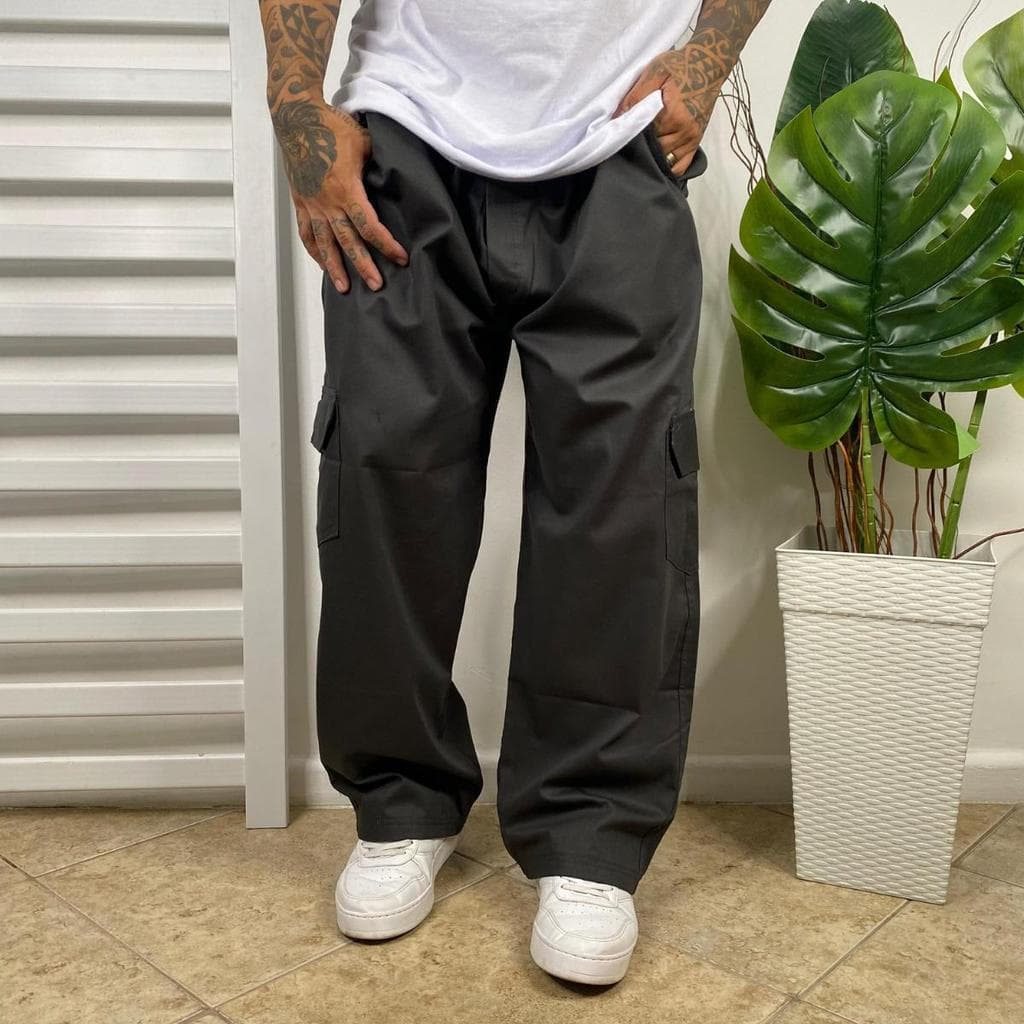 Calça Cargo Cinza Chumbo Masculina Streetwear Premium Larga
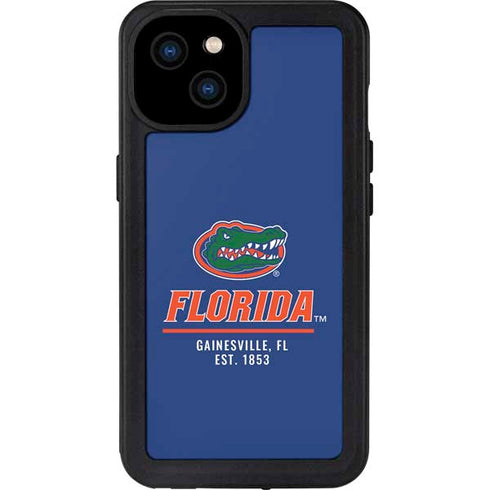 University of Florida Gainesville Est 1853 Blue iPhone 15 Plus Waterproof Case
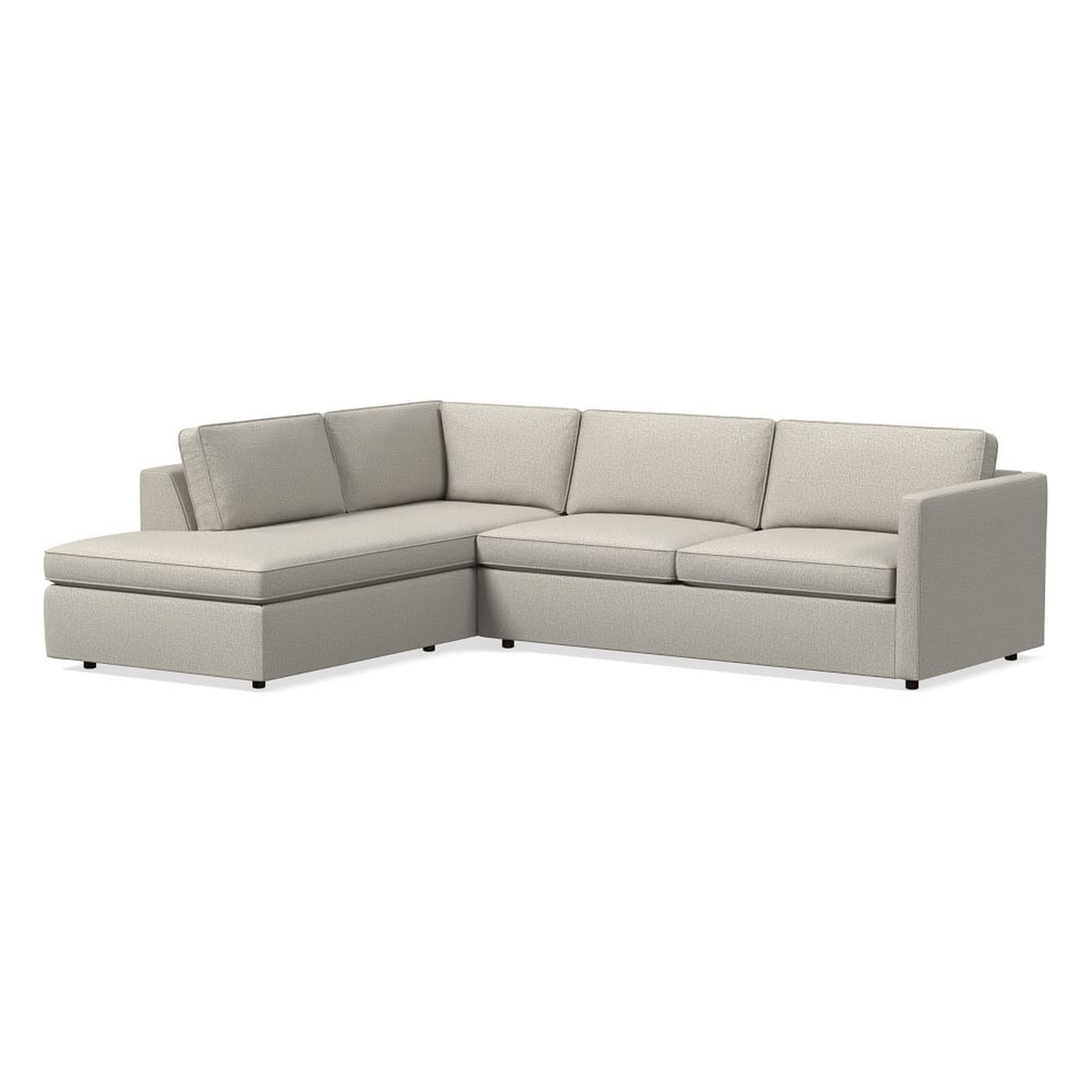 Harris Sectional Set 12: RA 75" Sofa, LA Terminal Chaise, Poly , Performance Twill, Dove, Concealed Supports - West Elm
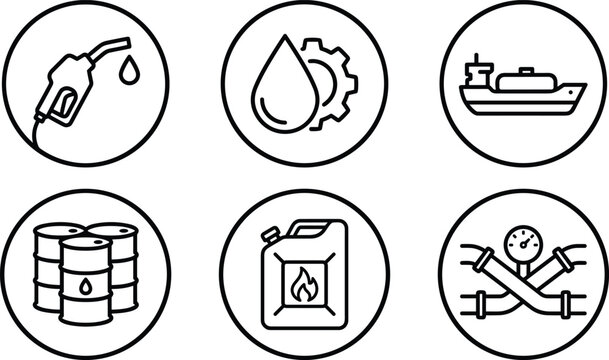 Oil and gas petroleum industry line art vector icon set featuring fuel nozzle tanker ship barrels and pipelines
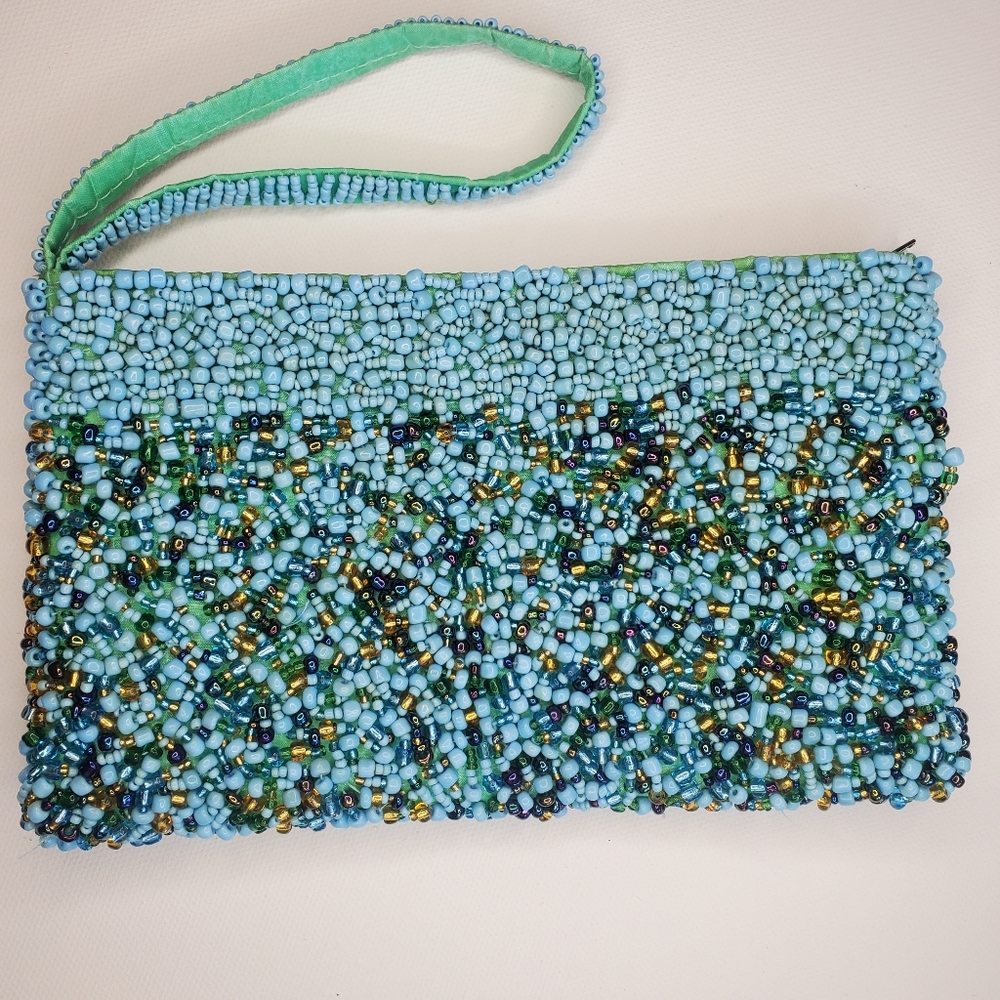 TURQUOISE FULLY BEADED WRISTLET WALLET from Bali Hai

Work instructions -
Pictures are to be dropped, and the lines from the line with "Harris Sectional Set" through the end of the material above are to be reproduced exactly.

Answer section -
 Harris Sectional Set 12: RA 75" Sofa, LA Terminal Chaise, Poly , Performance Twill, Dove, Concealed Supports - West Elm
 Oil and gas petroleum industry line art vector icon set featuring fuel nozzle tanker ship barrels and pipelines
 TURQUOISE FULLY BEADED WRISTLET WALLET from Bali Hai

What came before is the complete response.